EL SEÑOR ES PACIENTE Y MISERICORDIOSO

El árbol rojo | 1908 | Piet Mondrian

Dijo Jesús: Un hombre tenía una higuera plantada en su viña y yendo a buscar fruto en ella, no lo halló. Entonces dijo al vi­ñador: Córtala, ¿para qué va a ocupar terreno en balde? (Lc 13,6-7)

Con frecuencia los medios de comunicación vuelven al tema. Nos cuen­tan las tragedias nacionales, los balances económicos, los ajetreos polí­ticos, las noticias light que acarician la vanidad de muchos. Y reiteran una dolorosa estadística: En tal ciudad, en tal región del mundo, el sui­cidio ha subido en porcentaje sobre las muertes naturales. Los escuchas cerramos los ojos y lanzamos un amargo por qué.

La respuesta podría llegar desde otro interrogante. Muchos hermanos nuestros se preguntan desde el fondo de alma: ¿para qué existo?; ¿qué sentido tiene vivir aquí y ahora? Si nadie nos responde a satisfacción, todo se vuelve trágico y absurdo. Y la única solución es marcharnos furtivamente de este mundo.

En tiempo de Jesús, la gente se preguntaba con terror, por qué una torre había aplastado a dieciocho galileos que ofrecían sacrificios. Una trage­dia que rebosaba la angustia del pueblo ante la pobreza, la dominación romana y la crisis religiosa de entonces. Jesús rompe el esquema tradicional, que hacía equivaler tragedia y pe­cado. Explica a sus discípulos que aquellos galileos no eran más peca­dores que los demás. Y sitúa el mal físico en otro nivel, que luego iluminaría con su pasión y muerte.

Pero añade la parábola de un labriego, que va a buscar frutos en su higuera. Al no encontrarlos, da orden de cortarla. ¿Para qué ocupa lugar? Sin em­bargo, el mayordomo intercede: Déjala, señor, un año más. Yo cavaré al­rededor y echaré abono, a ver si da fruto. Si no, entonces la cortarás.

Inquieta el comprender que esa higuera soy yo. ¿Habrá encontrado el Señor frutos en mí? ¿Tendré razón para ocupar un lugar sobre la tierra? 

Nos gustaría que san Lucas hubiera trocado los personajes: El mayor­domo, ya cansado, daría la orden de arrancar la higuera. En cambio, el señor pediría un plazo. Y cada mes, vendría él mismo hasta la era, para cavar en derredor, echar abono y quitar las ramas secas. Seguramente el año entrante habría buena cosecha.

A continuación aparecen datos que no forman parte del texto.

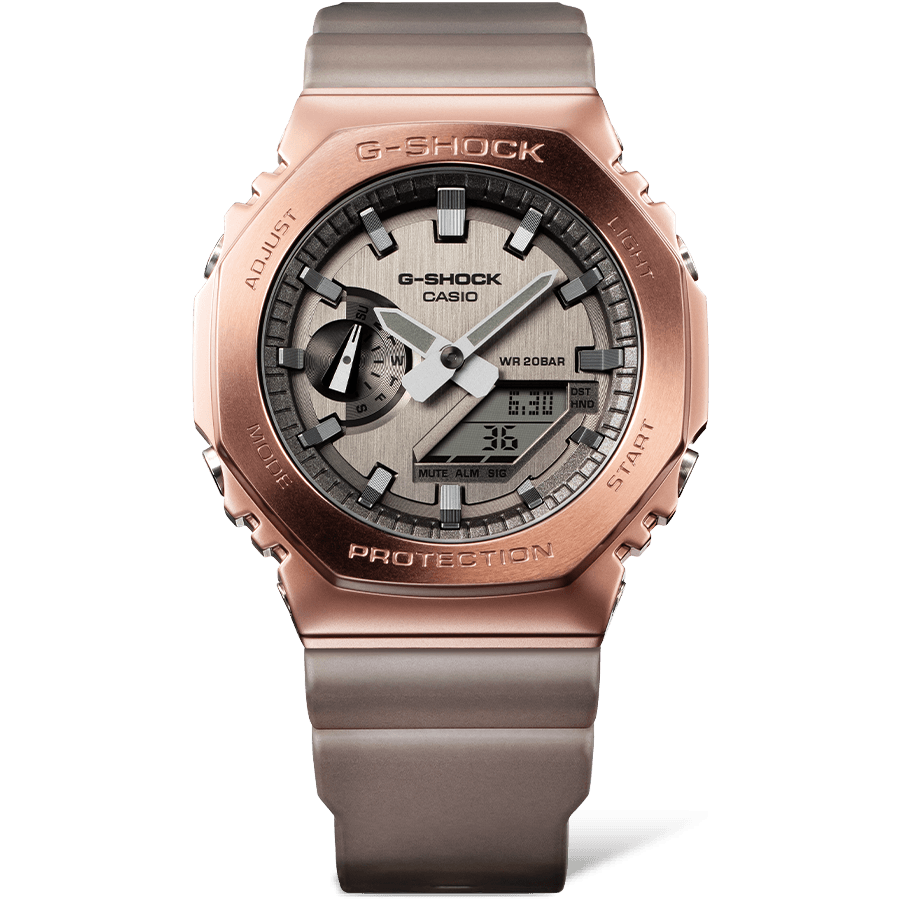 G-Shock Bronzy GM2100MF-5A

En muchas páginas de la Biblia el pueblo escogido se compara a una hi­guera. La tierra prometida se describe como «rica en higos», los que añoraban los judíos durante su peregrinación por el desierto. Y el Apocalipsis amenaza que, el día de la ira, caerán las estrellas del cielo «como higos maduros bajo la tempestad».

Según el Salmo 102, «el Señor es paciente y misericordioso, lento a la ira y rico en clemencia. No nos trata como merecen nuestros pecados, ni nos paga según nues­tras culpas». Sin embargo, quienes se aman tienen derecho a evaluarse. Llega un momento en que el amor exige cuentas.

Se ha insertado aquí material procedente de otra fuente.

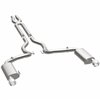 MagnaFlow 2015-2017 Ford Mustang Série Route Cat-Back Système d'Échappement Performance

Lo que necesitamos hoy en la Iglesia no es solo introducir pequeñas reformas, promover el «aggiornamento» o cuidar la adaptación a nuestros tiempos. Necesitamos una conversión a nivel más profundo, un «corazón nuevo», una respuesta responsable y decidida a la llamada de Jesús a entrar en la dinámica del Reino de Dios.

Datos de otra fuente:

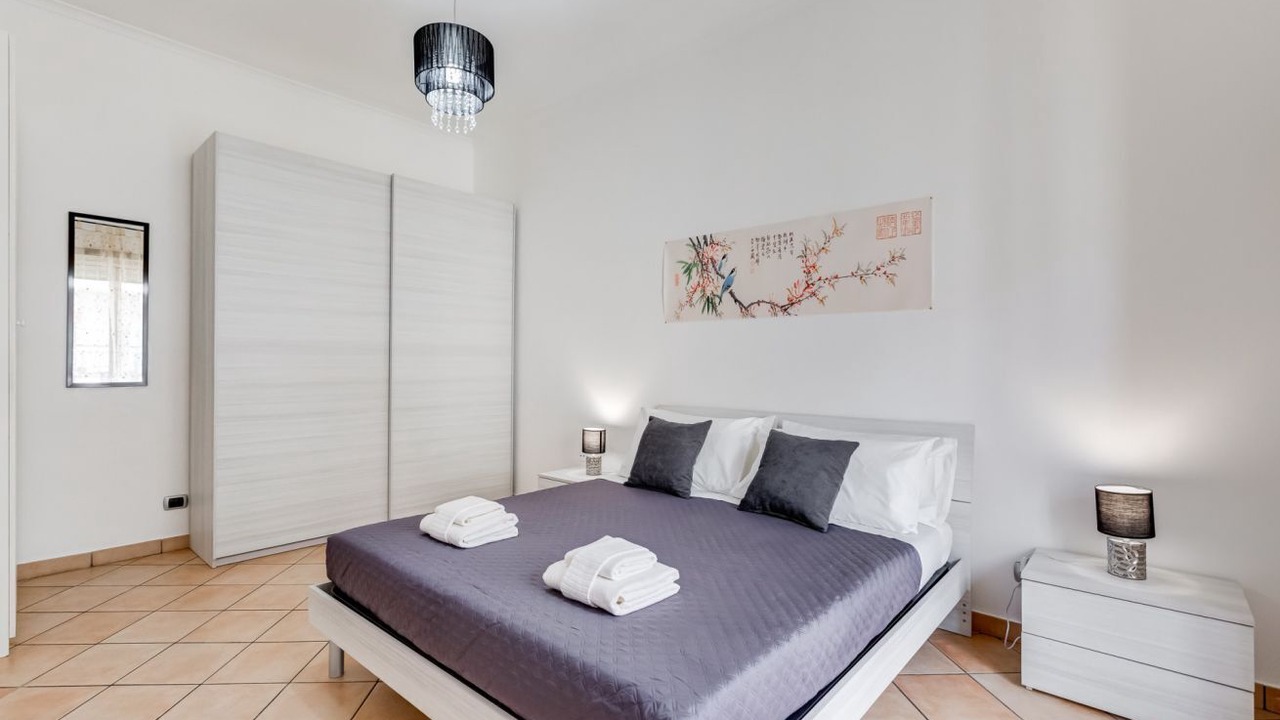 Photo of Bedroom in Pigneto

Hemos de reaccionar antes que sea tarde. Jesús está vivo en medio de nosotros. Como el encargado de la viña, él cuida de nuestras comunidades cristianas, cada vez más frágiles y vulnerables. Él nos alimenta con su Evangelio, nos sostiene con su Espíritu. Hemos de mirar el futuro con esperanza, al mismo tiempo que vamos creando ese clima nuevo de conversión y renovación que necesitamos tanto y que los decretos del Concilio Vaticano no han podido hasta hora consolidar en la Iglesia.

Podríamos preguntarnos qué aguarda el Señor de nosotros. San Pablo, a lo largo de sus cartas, enumeró algunas actitudes que enriquecen la vida y las llamó frutos del Es­píritu Santo. Son ellas: Amor, alegría, paz, paciencia, benevolencia, bondad, genero­sidad, mansedumbre, confianza en Dios, sencillez, sobriedad, limpieza de corazón…

Felices de nosotros si en la era de Dios estamos produciendo estos frutos.